## PROBLEM REQUIREMENTS
Beginning with the line that holds "Имитация окна в интерьере" and finishing with the line that holds "[08/06/2022] Die KI-Mitspieler", repeat the listing exactly, leaving every picture out.

==== PROVIDED MATERIAL

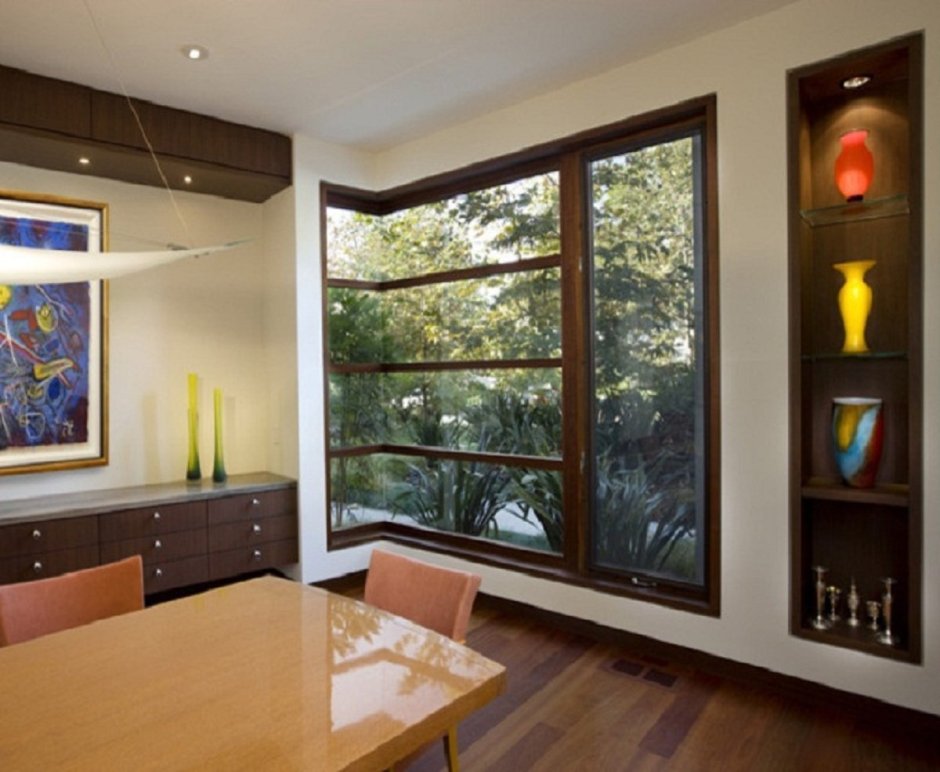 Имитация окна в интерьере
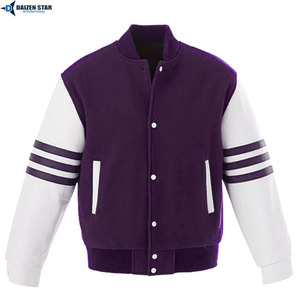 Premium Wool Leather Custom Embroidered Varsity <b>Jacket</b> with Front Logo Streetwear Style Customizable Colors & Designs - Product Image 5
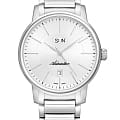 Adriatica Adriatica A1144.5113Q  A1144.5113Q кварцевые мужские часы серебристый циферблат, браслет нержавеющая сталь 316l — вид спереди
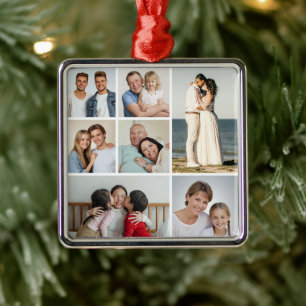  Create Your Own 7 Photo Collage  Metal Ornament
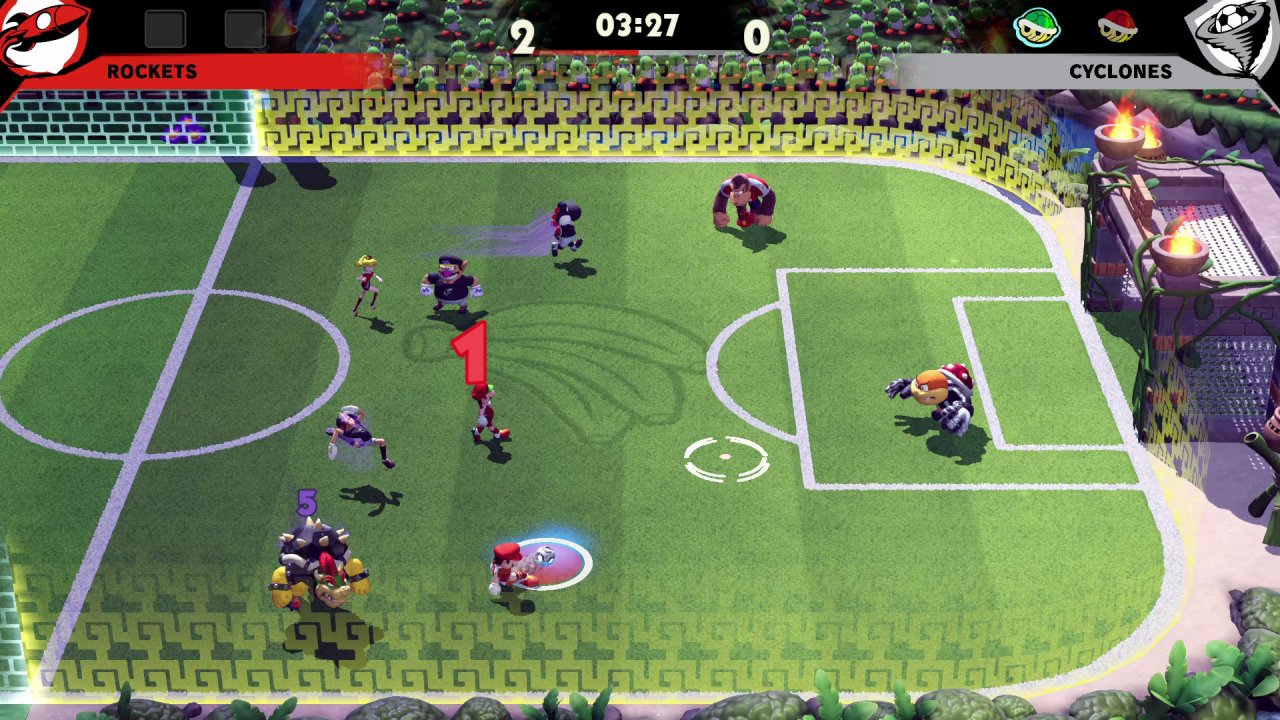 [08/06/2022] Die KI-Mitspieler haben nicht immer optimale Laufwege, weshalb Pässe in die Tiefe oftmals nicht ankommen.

========
==== PROVIDED MATERIAL

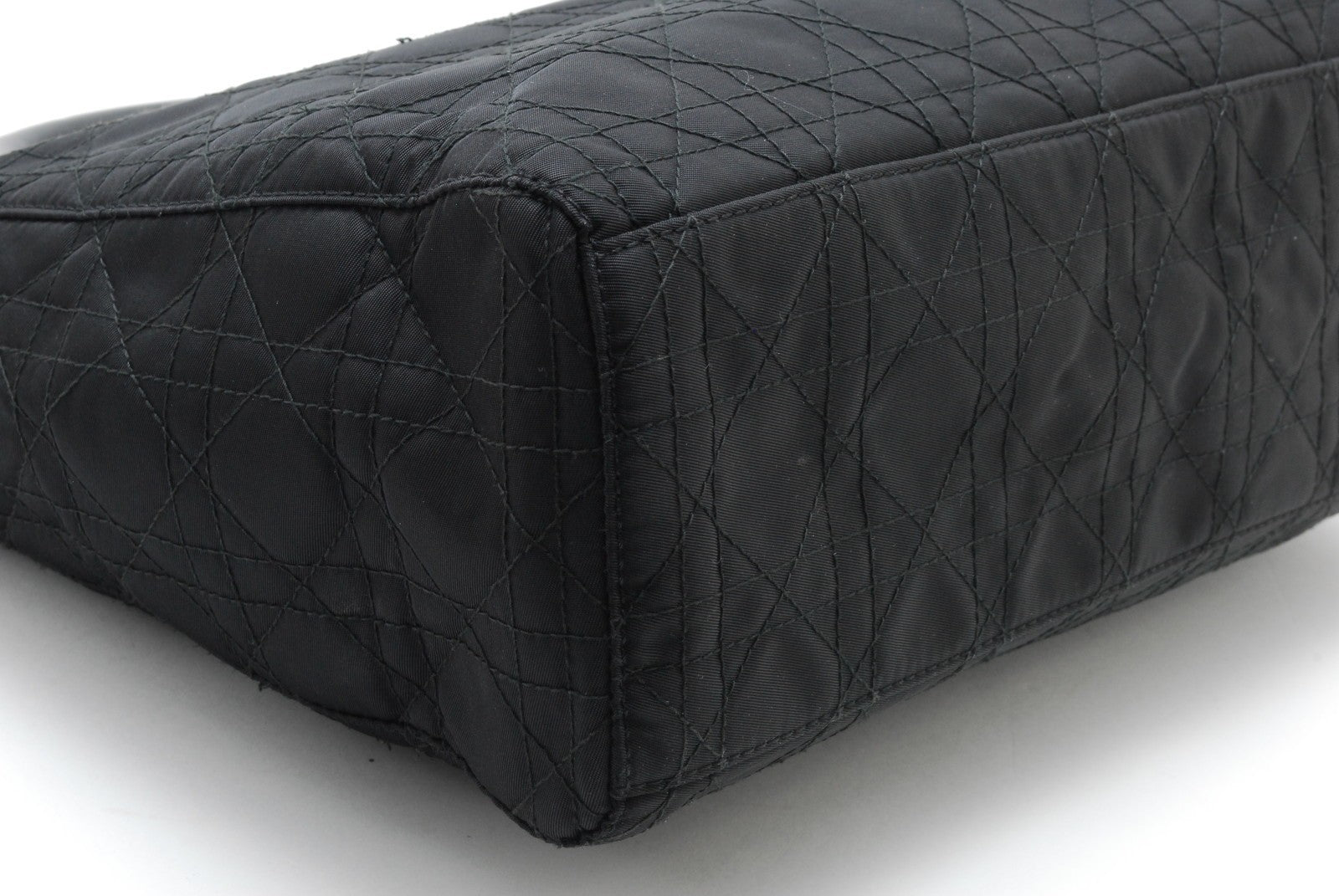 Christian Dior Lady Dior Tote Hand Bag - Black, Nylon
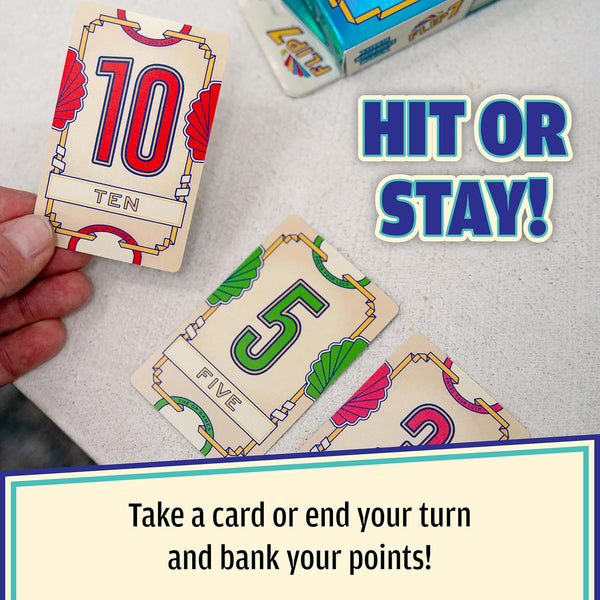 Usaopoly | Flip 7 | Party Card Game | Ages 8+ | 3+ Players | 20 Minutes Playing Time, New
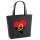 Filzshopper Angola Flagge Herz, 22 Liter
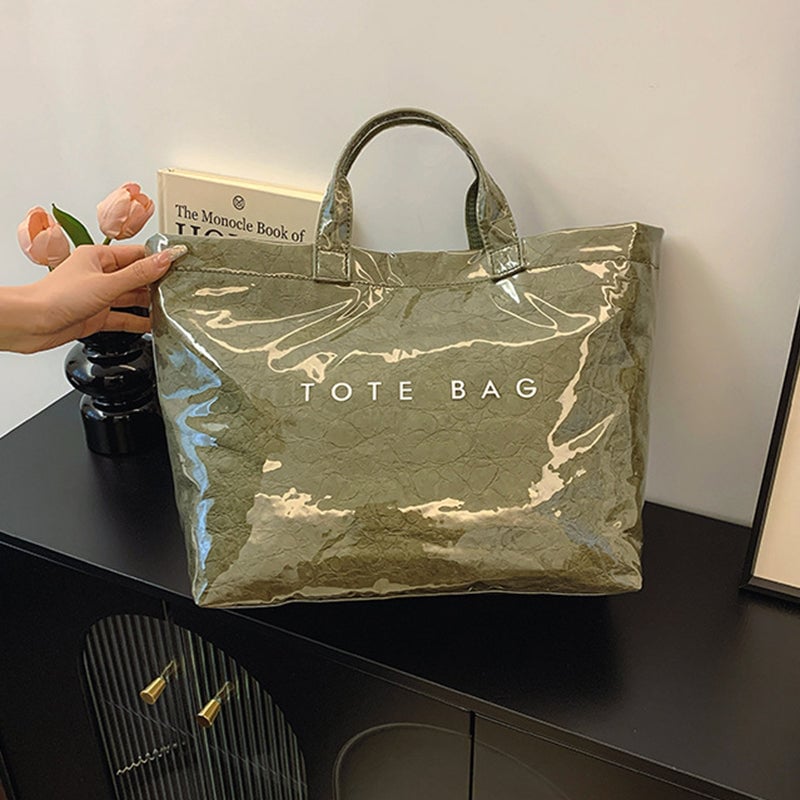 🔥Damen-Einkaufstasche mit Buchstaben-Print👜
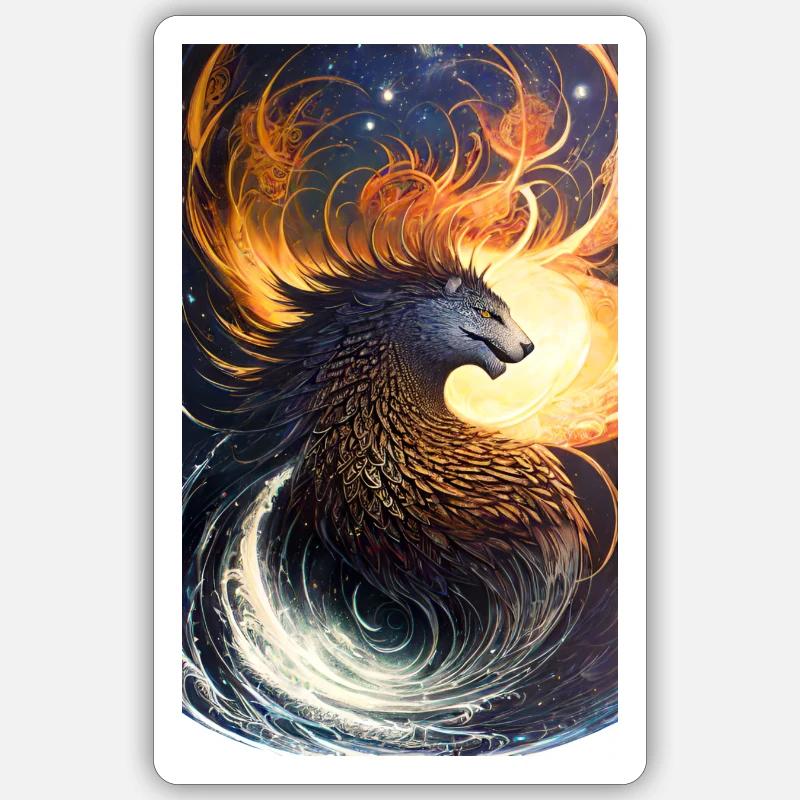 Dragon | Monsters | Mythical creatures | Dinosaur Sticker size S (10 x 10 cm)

========
==== PROVIDED MATERIAL

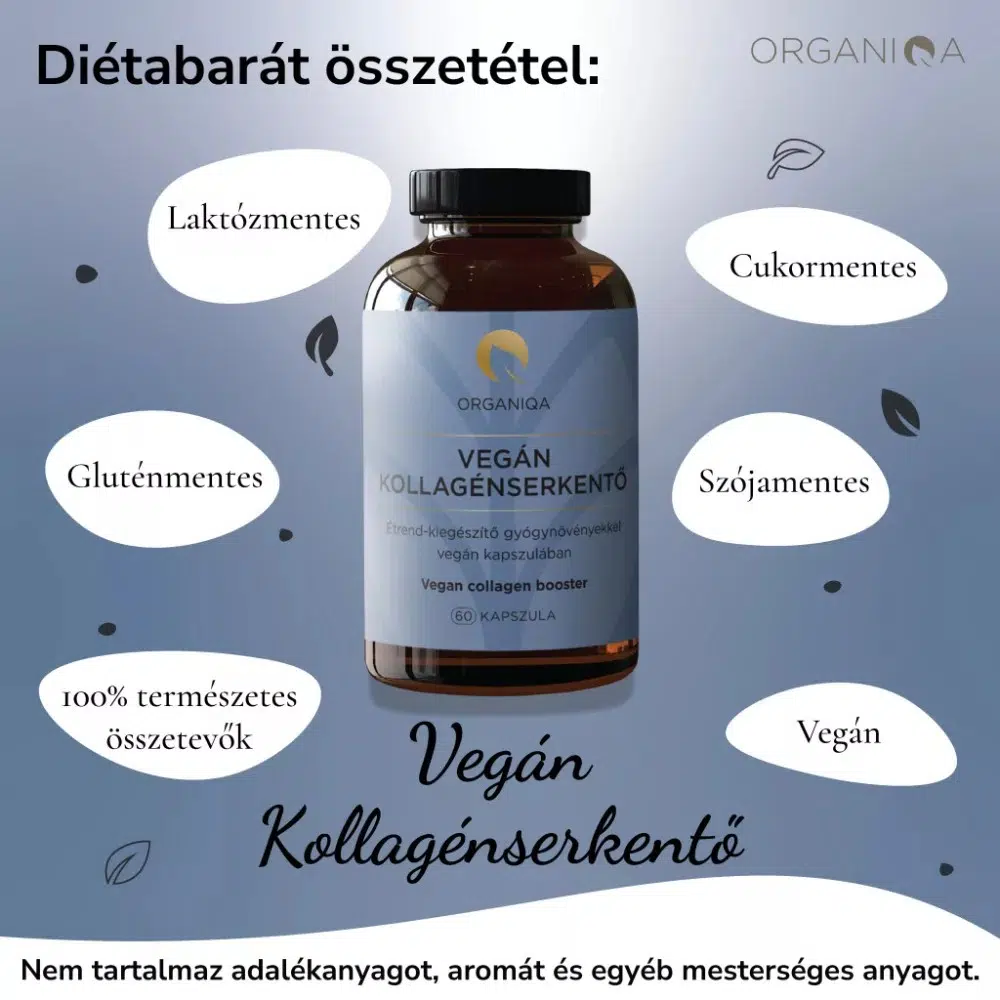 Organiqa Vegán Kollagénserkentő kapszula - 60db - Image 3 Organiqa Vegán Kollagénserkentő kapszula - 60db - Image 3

========

## RESPONSE BOX
 Имитация окна в интерьере
 Premium Wool Leather Custom Embroidered Varsity <b>Jacket</b> with Front Logo Streetwear Style Customizable Colors & Designs - Product Image 5
 Adriatica Adriatica A1144.5113Q  A1144.5113Q кварцевые мужские часы серебристый циферблат, браслет нержавеющая сталь 316l — вид спереди
  Create Your Own 7 Photo Collage  Metal Ornament
 [08/06/2022] Die KI-Mitspieler haben nicht immer optimale Laufwege, weshalb Pässe in die Tiefe oftmals nicht ankommen.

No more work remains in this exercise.